12. The learned Arbitrator on consideration and appreciation of the evidence on record found a sum of Rs.2,89,000/- payable under claim No. 4 as against the claim made by the Contractor of Rs.5,28,093/- and a sum of Rs.2,30,580/- against a claim of Rs.7,20,880/- under claim No. 5. These claims have been set aside by the learned Single Judge in the impugned judgment despite the fact that there is no interference with the finding that the delay was wholly attributable to DDA.

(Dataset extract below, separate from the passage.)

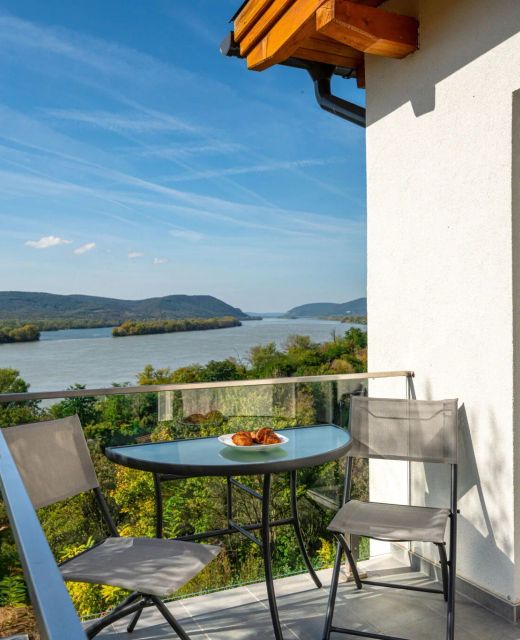 Akvarell Apartmanház Zebegény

13. What has weighed with the learned Single Judge are two communications - one of the Contractor dated 29.10.1984 and the other response thereto of DDA dated 31.10.1984. These have been held to form part of the contract between the parties as they relate to a stage when work had yet to commence. The Contractor‟s letter and DDA‟s response thereto have been extracted in the impugned judgment in paras 25 and 26, which are reproduced hereunder for the convenience of reference: _____________________________________________________________________________________________________
"25. Contractor‟s letter dated 29.10.1984, inter alia, records as under:
"We are given to understand that the site of work for which we had submitted out negotiated offer of executing the work of 50% above the estimated cost (net rate) (of C/o 154 SFS house in Sector-C, Pkt.IX, Gr.IV), is not readily available on account of certain stay orders or other reasons, but another alternative site is available in Sector-C, Pkt.II, Gr.II, where these houses can be accommodated. We hereby agree to execute the above work at any alternative site in Sector-C, Pkt.II. We also agree that we shall have no objection to any change in designs or drawings or construction of these houses at a different design in the alternative pocket as may be decided by the DDA."
26. DDA‟s response dated 30.11.1984 reads as under:
"Your firm have also agreed that in case there is any difficulty in making this site available to you on account of any stay orders, you will execute this work at any other alternative, similar and comparable site at Vasant Kunj. Accordingly, it has been decided to allot an alternative site to you in Sector-C, Pocket-II, Group-II/III at Vasant Kunj. The No. of Dus allotted under the aforesaid work shall be constructed by you at this alternative site. Decision in this regard have already been conveyed to you vide F.O. to CE‟s letter No.F.30(FO)/84/CII/51/Works/8860 dt. 31.10.1984."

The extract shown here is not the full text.